The Kursk offensive follows weeks of Russian military advances eastwards, with the Kremlin’s forces having captured a string of villages in the eastern region.

Some analysts believe that the attack on the Kursk was part of Russia’s effort to force it to withdraw its troops from eastern Ukraine and ease pressure on Ukraine’s defenses.

But Ukrainian officials told AFP there had been little let-up in Russian operations in the east so far.

Earlier this week, Russian President Vladimir Putin called the offensive a “major provocation.”

Meanwhile, emergency services in the Kiev region said a man and his four-year-old son were killed in a missile attack overnight near the capital.

Air Force officials said air defenses also destroyed 53 of 57 Russian attack drones launched in a nighttime airstrike that also involved four North Korean-made missiles, they said.

Russia has been forced to turn to the isolated Asian nation to replenish its munitions, with the United States claiming Pyongyang has sent it large quantities of military hardware.

Separately, officials in the Russian-occupied Zaporizhia oblast said a fire broke out at a nuclear power plant in the region on Sunday.

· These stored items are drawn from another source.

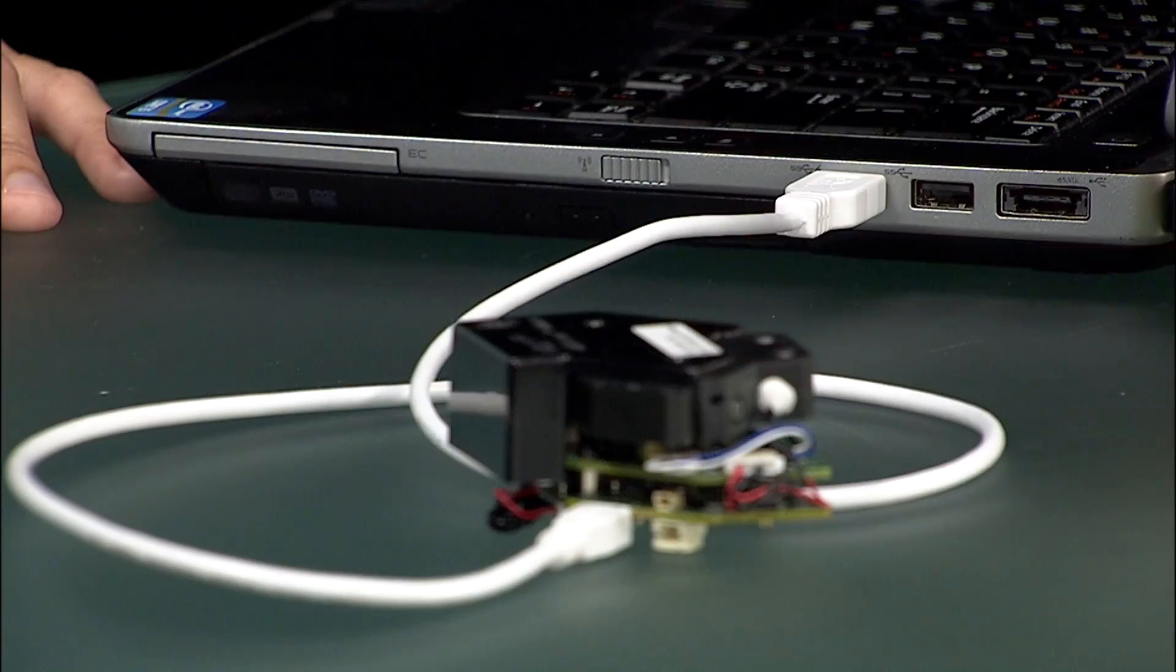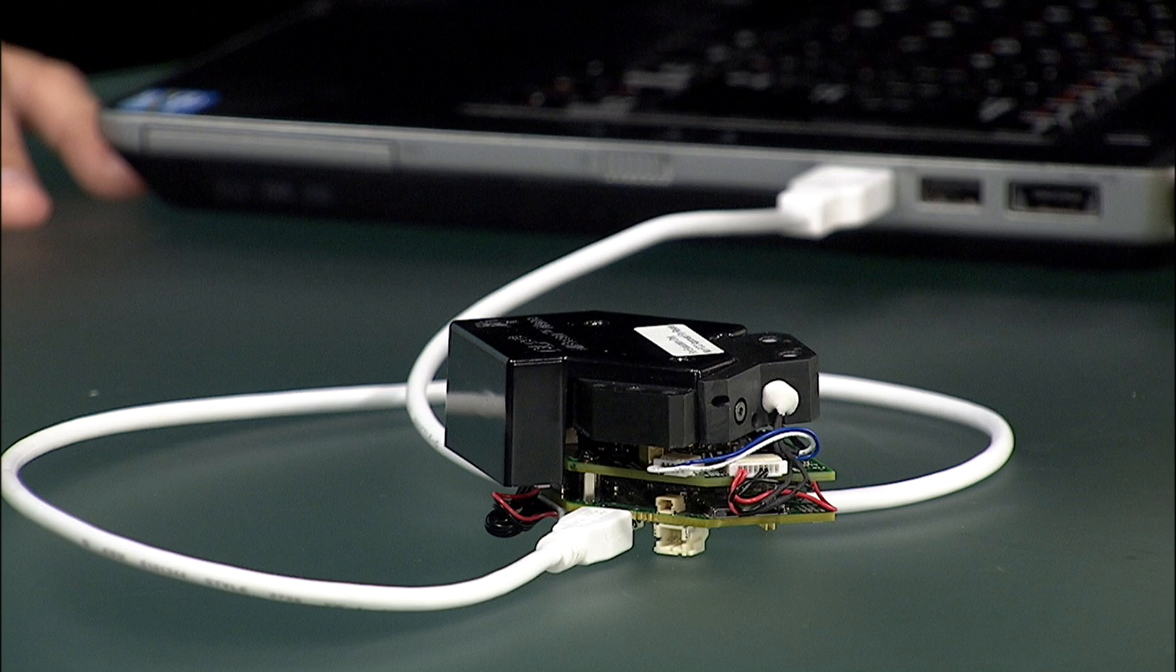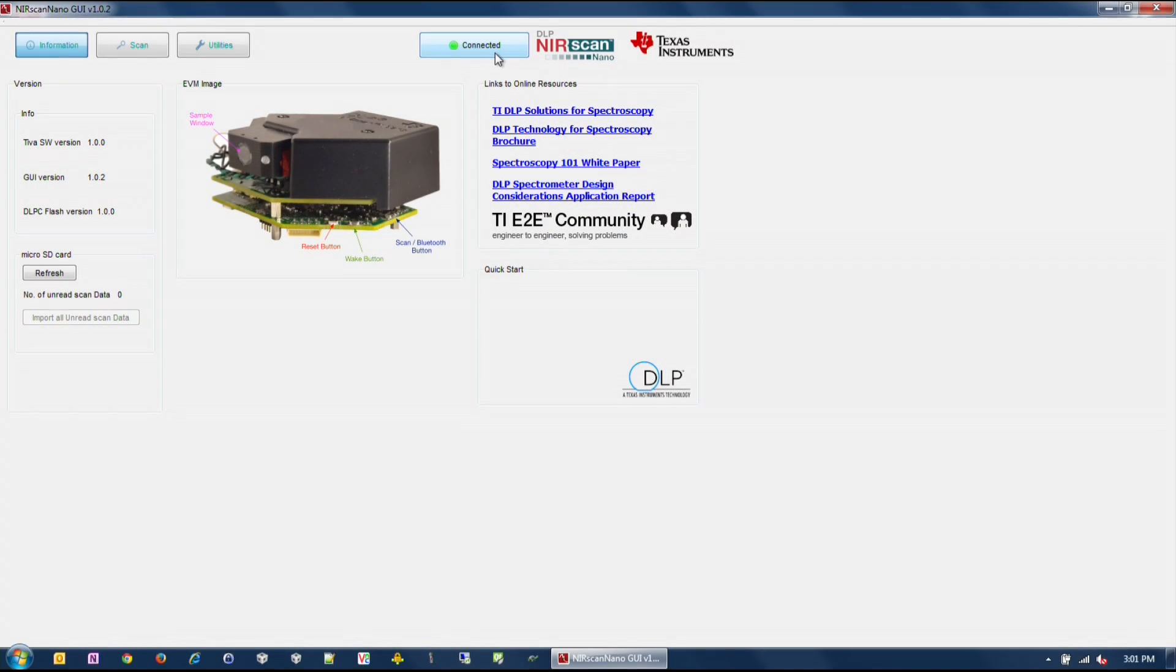The DLP Nearscan Nano supports three operating modes: USB connection, Bluetooth connection, and standalone mode. For USB connection, power the device through the USB port on your computer and use the GUI to initiate scans, configure parameter settings, and download data. The PC GUI displays the intensity or absorbance of the scan.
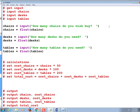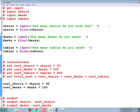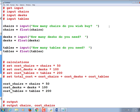Now the calculations. These are essentially a copy of the pseudocode with the pound-sign and 'set' removed. cost_chairs equals chairs times 50, cost_desks equals desks times 100, cost_tables equals tables times 200. Then total_cost equals cost_chairs plus cost_desks plus cost_tables.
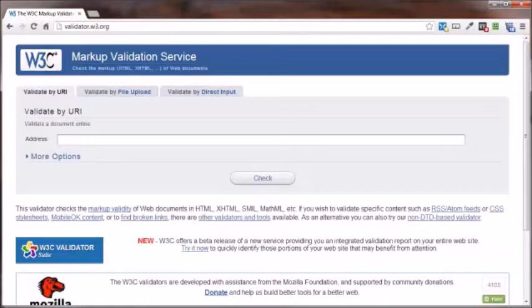Most browsers today are pretty forgiving, but some might display your non-standard coded web page all kind of funky.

Yevgeny Balitsky, the Kremlin-appointed governor of Zaporizhia, claimed the fire had started after shelling by Ukrainian troops. He said there had been no surge in radiation levels around the plant.

Russia’s state TASS news agency reported that the main fire at the plant was put out in the early hours of Monday.

The International Atomic Energy Agency, the UN nuclear watchdog, said in a statement released on X that inspectors on site saw “strong black smoke” coming from the northern part of the nuclear facility, but stressed that there was “no impact” on nuclear safety.

President Zelensky posted on social media that Russian troops set fire to the factory.

The nuclear power plant has been under the control of Russian troops and officials since 2022. The plant has not produced electricity for more than two years, and all six reactors have been in cold shutdown since April.